Fragile

Fragile

I feel so weak, in great pain and helpless,
my body looks so old and broken down;
and, at the same time, I almost feel ageless;
my memories my mind wants to drown.

I scarcely believe that’s my face in the mirror;
is it true that its actually one that I share?
And yet, thoughts deep within, and sincere,
tell me of a purpose, it’s destiny I wear.

I had never imagined I would become so fragile;
I had always thought that I’d be self-sufficient;
it seemed only yesterday that I’d been so agile;
what happened to cause such physical descent.

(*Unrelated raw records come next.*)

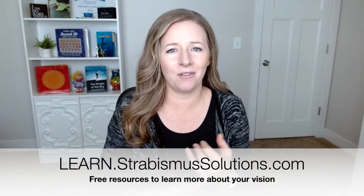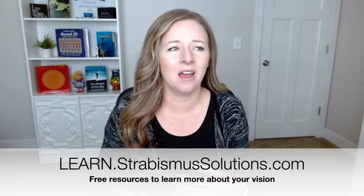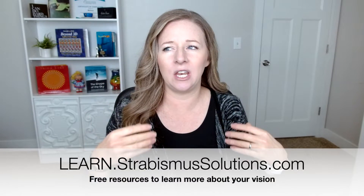If you want any of my free resources, go to learn.strabismussolutions.com. I've got a couple of quizzes you can take about how your eyes are working, to understand a little bit more about whether you have amblyopia. The best thing you can do is go to a doctor — an ophthalmologist or an optometrist — but if you want to do a quick quiz, you can find that there too. So, can patching help with amblyopia or a lazy eye?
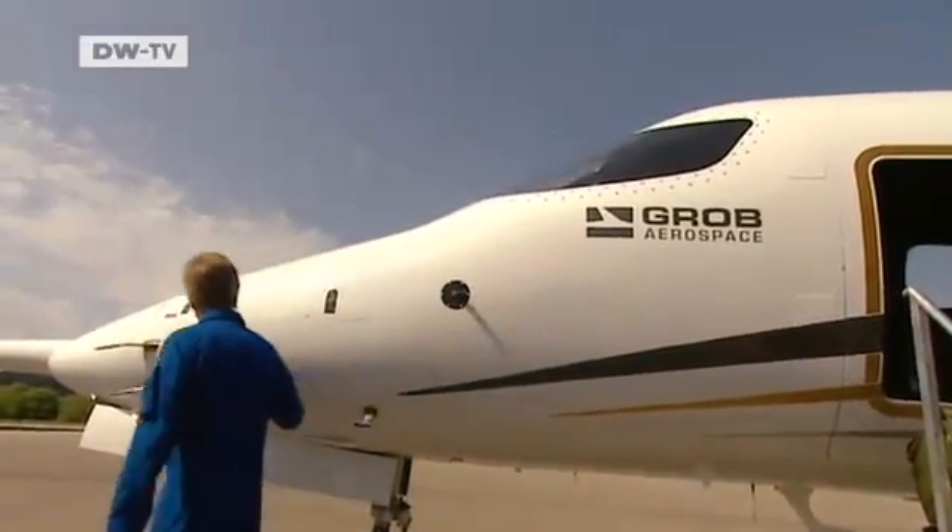What are you planning on — half an hour? Twenty minutes, and then we'll circle at a thousand feet.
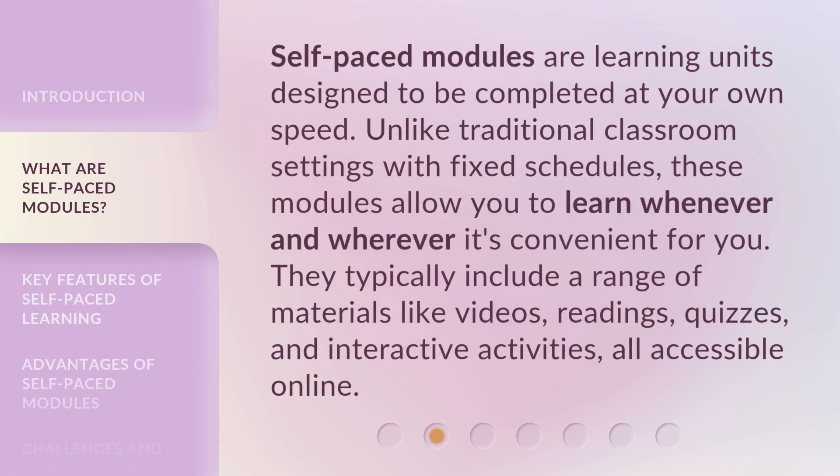Self-paced modules are learning units designed to be completed at your own speed. Unlike traditional classroom settings with fixed schedules, these modules allow you to learn whenever and wherever it's convenient for you. They typically include a range of materials like videos, readings, quizzes, and interactive activities, all accessible online.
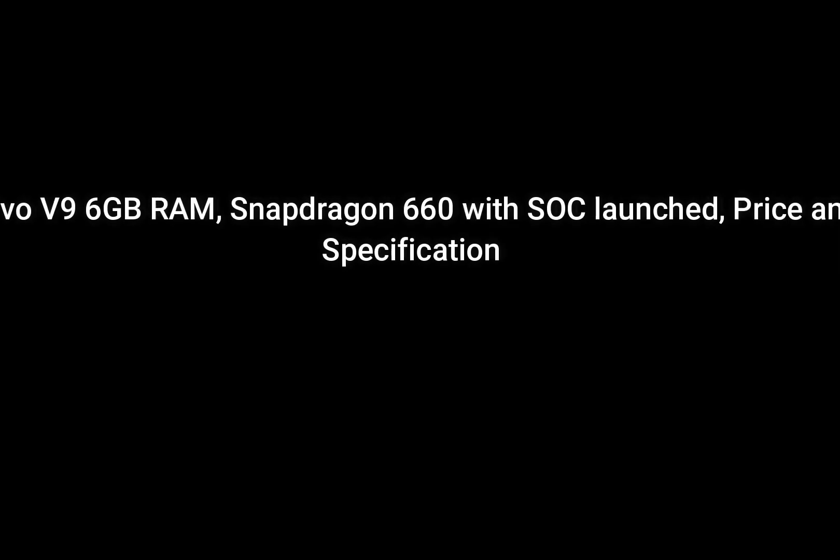Vivo V9 with 6GB RAM and Snapdragon 660 SoC has been launched. Here I am going to discuss its price and specifications.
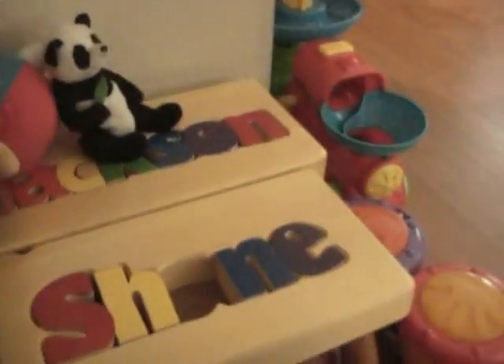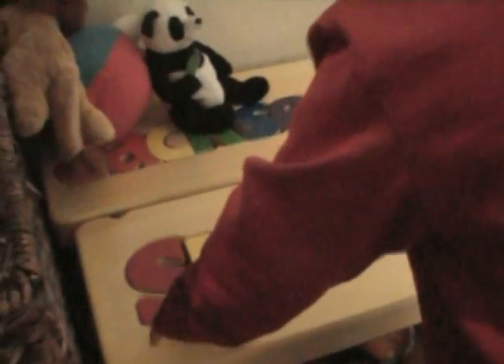Can you show me on your stool? What letter is this? That's right! Where's the letter O? It's somewhere on this stool. That's right.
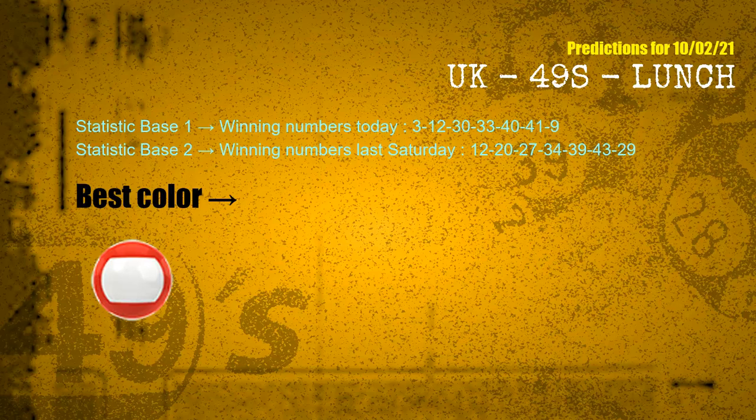According to the statistics above, with winning numbers today 03, 12, 30, 33, 40, 41, 09, and winning numbers last Saturday 12, 20, 27, 34, 39, 43, 29 — the most frequently following color is red.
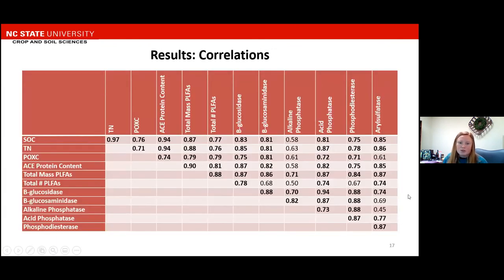We also measured many correlations between a lot of these metrics, and this table shows a few of them. The bolded values are correlations that had an R factor greater than 0.7 and were statistically significant at an alpha level of 0.05. Looking at this table, you can see that the majority of these metrics were correlated to each other, and this might make some of the metrics redundant if they're showing the same trends in the data.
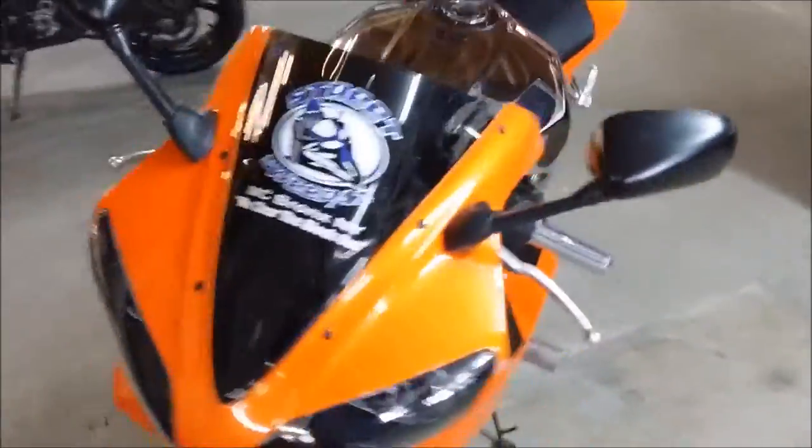At Approval Power Sports, we have over 400 used bikes on the showroom floor. This beauty here is a 2000 Yamaha R1 Crosstriker for sale.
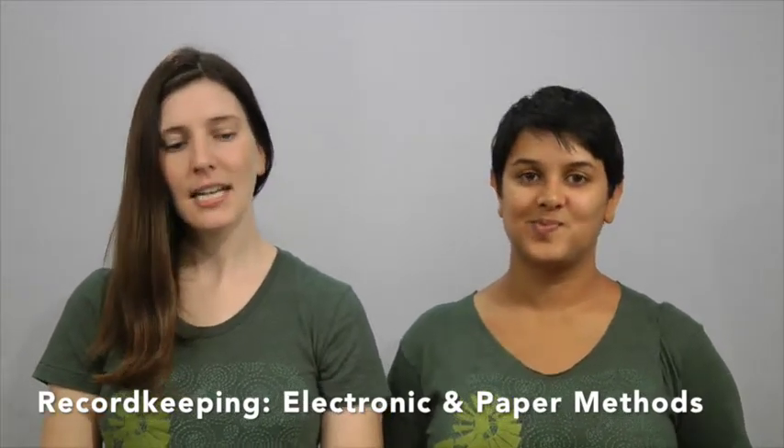Welcome to Electronic and Paper Methods of Record Keeping. I'm Molly, and I'm Kavitha, and we're with the Rural Advancement Foundation International, RAFI for short. Today's video is brought to you by the North Carolina Specialty Crop Block Grant Office. Today we're going to talk about different ways to keep records for crop insurance eligibility. We're going to go through two primary methods: paper and electronic.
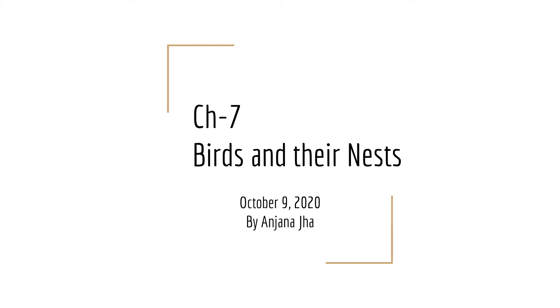Good morning children. I am your science teacher Anjana Jha. I hope you are doing well. As Sangeeta ma'am has already taught some topics from chapter 7, we will continue to learn some new topics from this chapter.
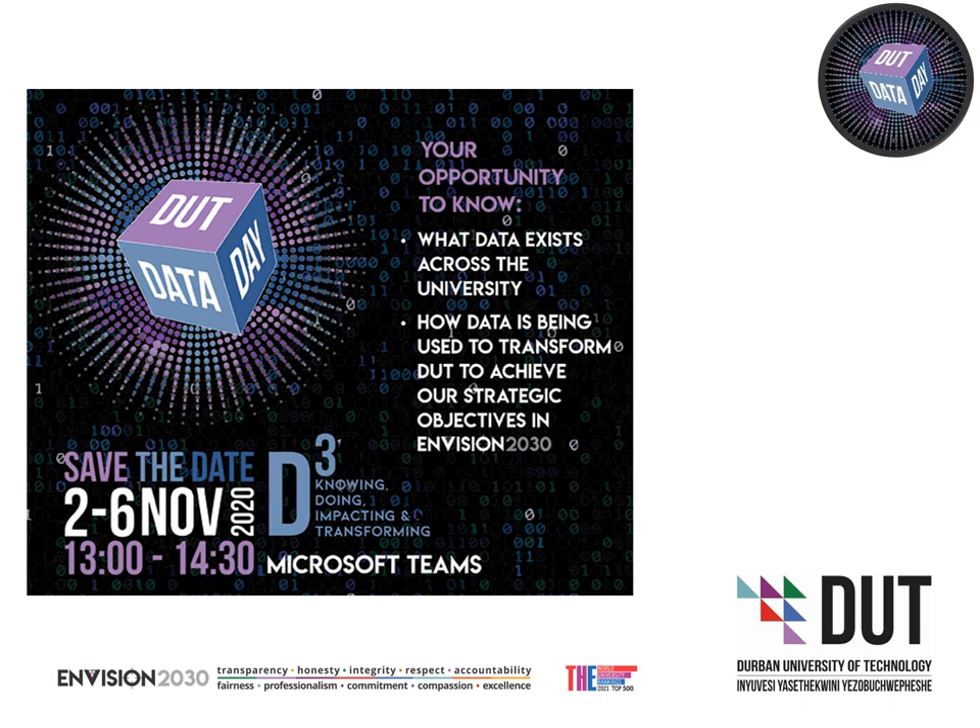The DUT Data Day Awards are awarded to an outstanding presentation on how data is being used to transform DUT in line with Envision 2030, for each of our four perspectives: namely stewardship, systems and processes, sustainability, and society.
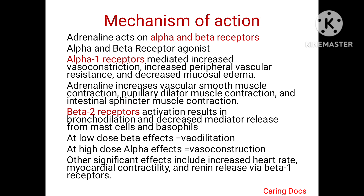Other significant effects include increased heart rate, myocardial contractility, and renin release mediated by the beta-1 receptors.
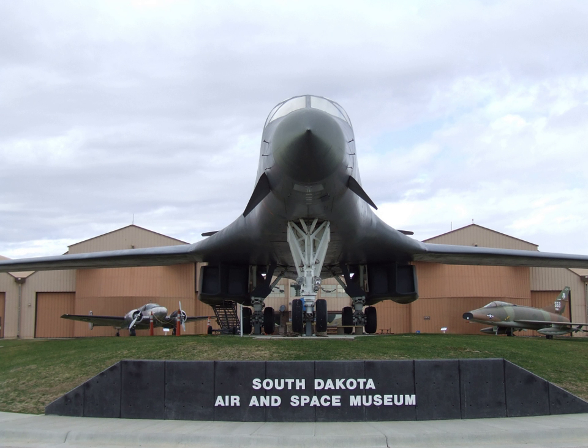The South Dakota Air and Space Museum serves to educate and entertain the public. Not only does it give information about the history of U.S. Air Force aviation, it promotes South Dakota aviation history. Major exhibits include the B-1B Lancer and the B-29 Superfortress.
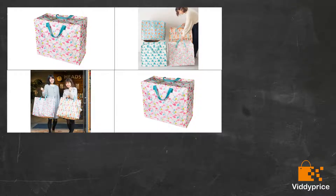I use this to store all my yarn in and it's great. Good size and good quality.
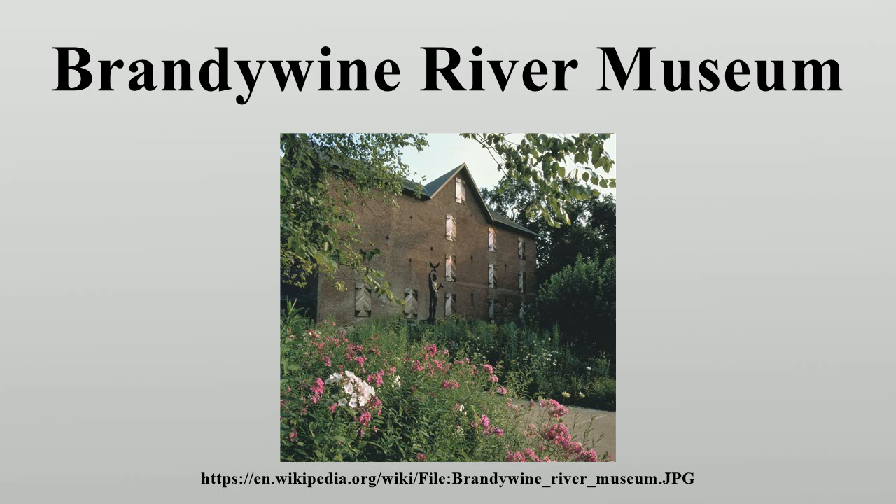The museum's permanent collection features American illustration, still-life works, and landscape painting by Jasper Francis Cropsey, Harvey Dunn, Peter Hurd, Maxfield Parrish, Howard Pyle, William Trost Richards, and Jessie Willcox Smith. The glass-wall lobby overlooks the river and rolling countryside that inspired the Brandywine School in the early 20th century.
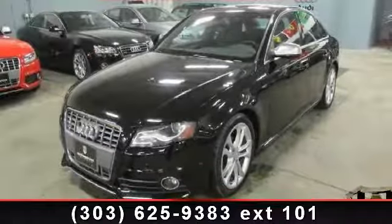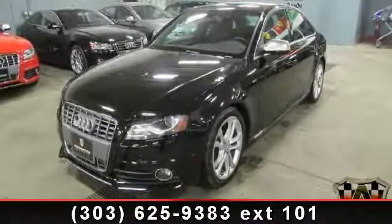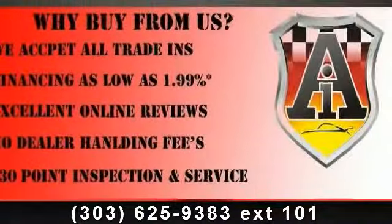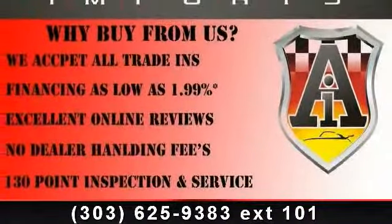Imagine yourself in this 2010 Audi S4. If you are looking for a first-class ride you have found it. This vehicle comes with a reliable six-cylinder engine,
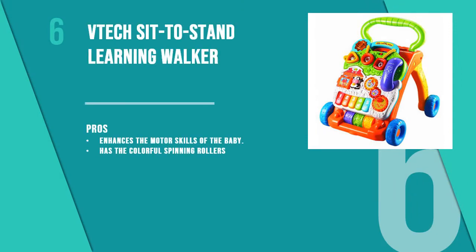The sixth product is the VTech Sit to Stand Learning Walker. With over 70 songs and light effects, this walker is a complete entertainment package for your baby. It comes with a removable play panel which can be used separately when your baby grows into a toddler.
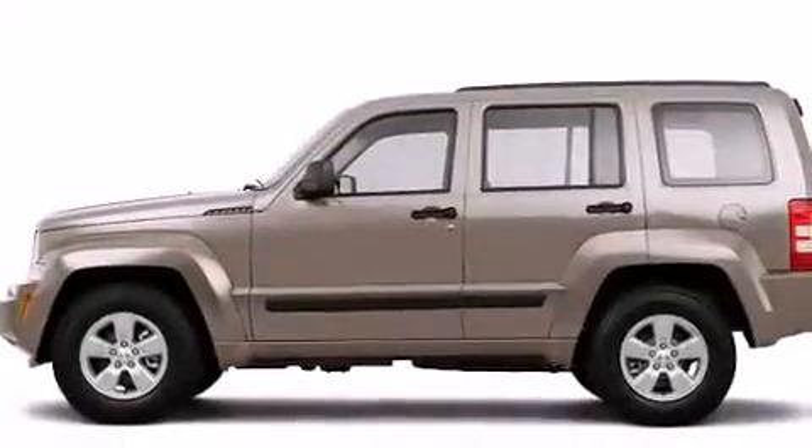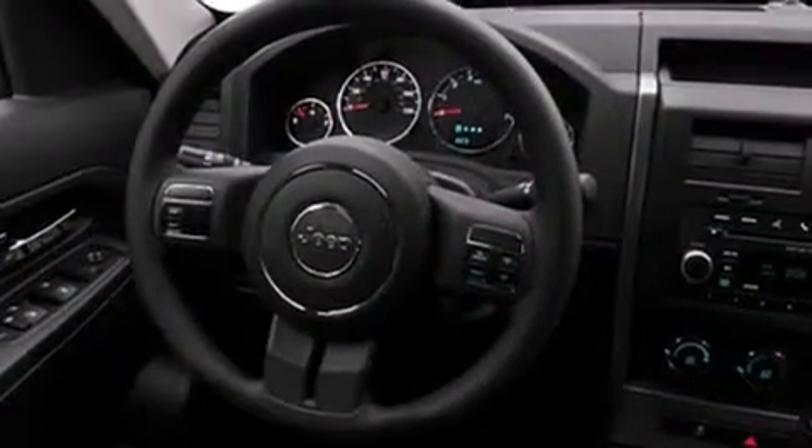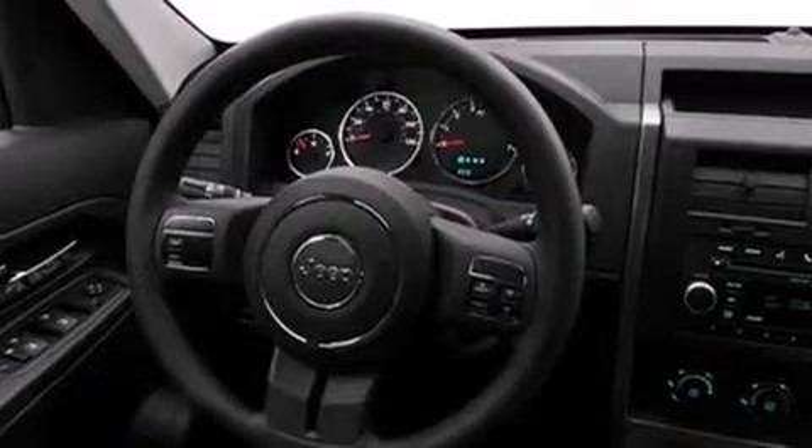Features include a low-tire pressure indicator, traction control and stability control systems, full power accessories, and dual airbags.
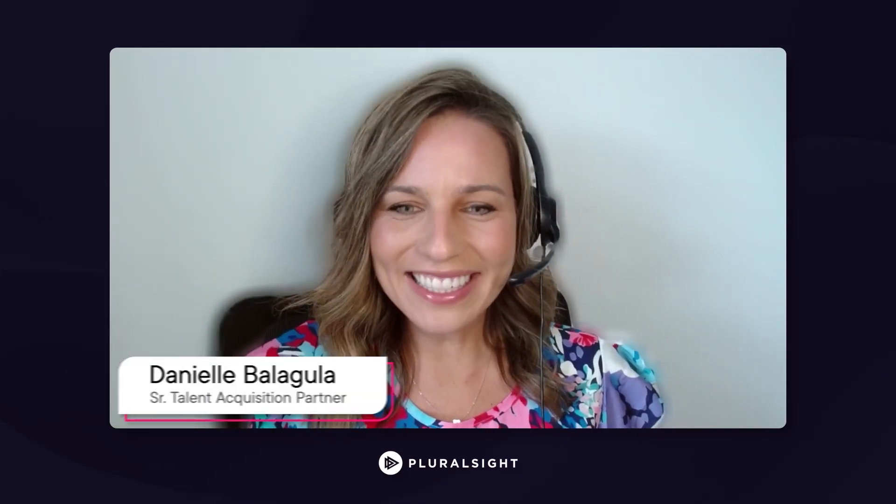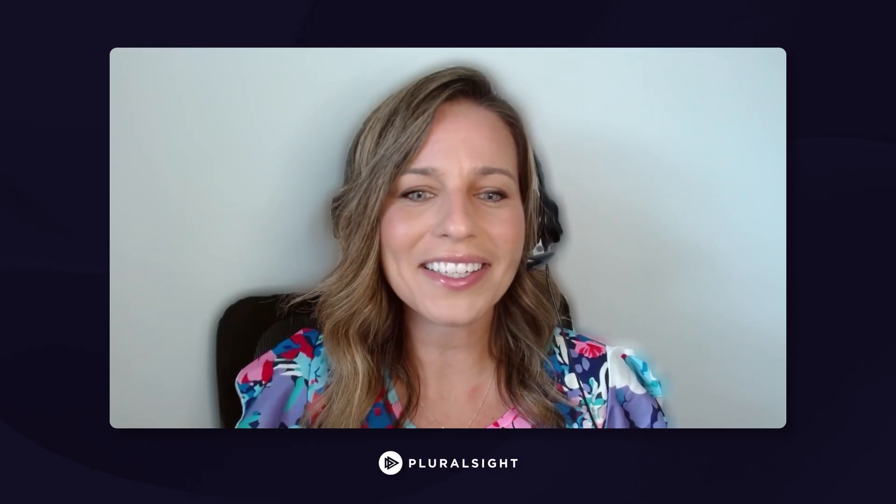Hi, YouTube friends. My name is Danielle and I am a senior recruiter here at Pluralsight. It's so nice to meet you. Today we're going to share tips on how we can ace your tech interview. So while I conduct a lot of interviews, I am by no means a tech expert, which is why I have with me our senior tech recruiter, Jason. Welcome, Jason.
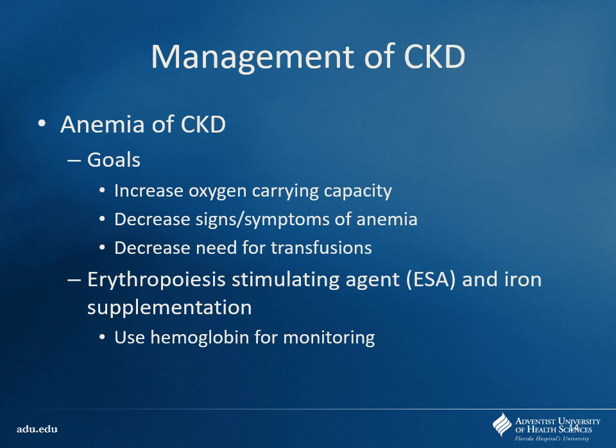With anemia of chronic kidney disease, why do we care? We've got to be able to deliver oxygen to the tissues — we need enough hemoglobin to make that happen. By increasing oxygen carrying capacity, we help with exercise tolerance, decrease fatigue, and hopefully decrease the need for transfusions. If you check your patient and their hemoglobin is about eight, you can bypass transfusion by giving them EPO — the erythropoiesis-stimulating agent — that they cannot produce themselves. Not just oral iron supplementation; there are also IV forms.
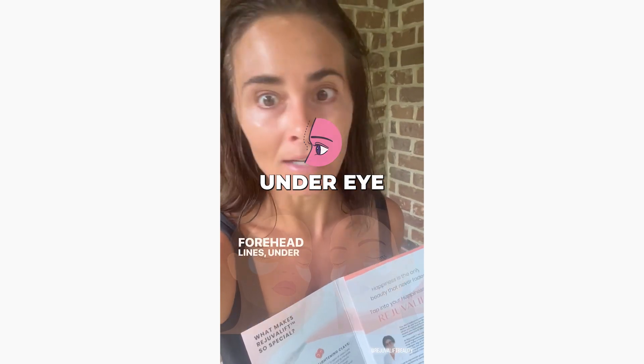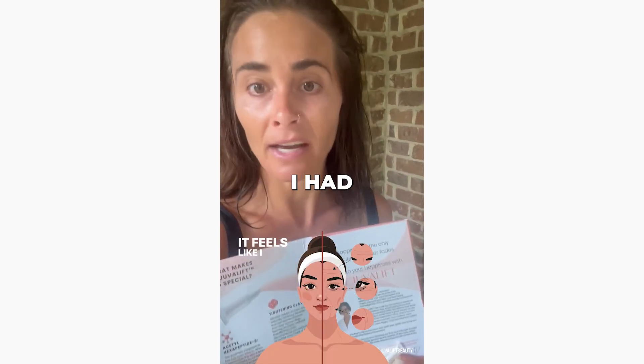It's been about four to five minutes, but I could really feel a tightening of my skin around my eyes. This is the side that I did — and this side, see the wrinkles? I didn't do anything over here. Forehead lines, under eye puffiness — it feels like I had a facelift.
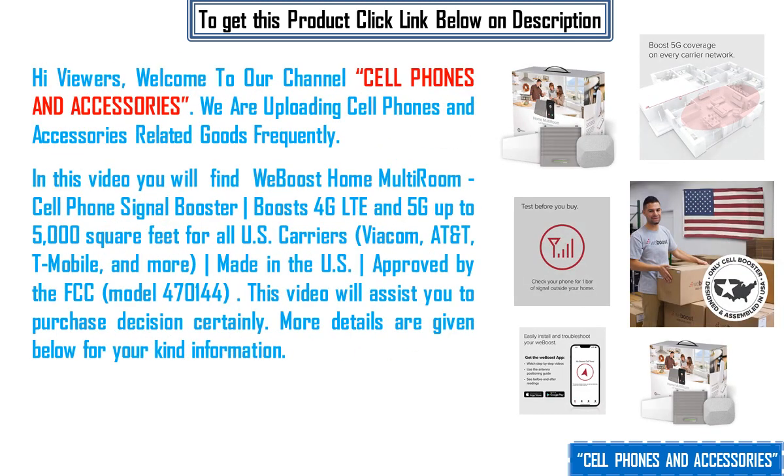Hi viewers, welcome to our channel Cell Phones and Accessories. We are uploading cell phones and accessories related goods frequently. In this video you will find the weBoost Home Multi-Room cell phone signal booster.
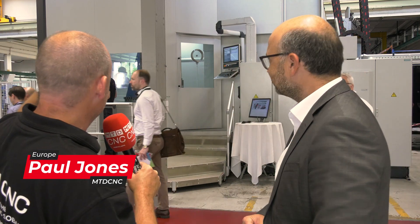Alexander, we're here at your Tech Days. I want to talk to you about that STC 1250. That's some machine, isn't it? Explain to our audience what it is and what it's capable of.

Then I remembered this was not really so new;
I had started this life as a helpless infant;
carried by my mother till I learned and grew;
it had seemed life had passed in an instant.

Why does God build us up, to tear us all down;
is that really part of his ultimate plan;
changing our smile to a permanent frown;
reclining comfortably on a heavenly divan?

None of it made any sense to me;
like Sampson, all my strength had retired;
all things useful to him;  I could no longer be;
nothing remaining to make me admired.

Suddenly I realized;  it wasn’t about me;
for, I had done everything he expected;
his final lesson; on a cross at Calvary;
I wasn’t really being rejected.

Fragile was merely life’s most essential season;
made in His image, we have every ability;
and so clearly I became aware of the reason;
the King of Kings had to teach us humility.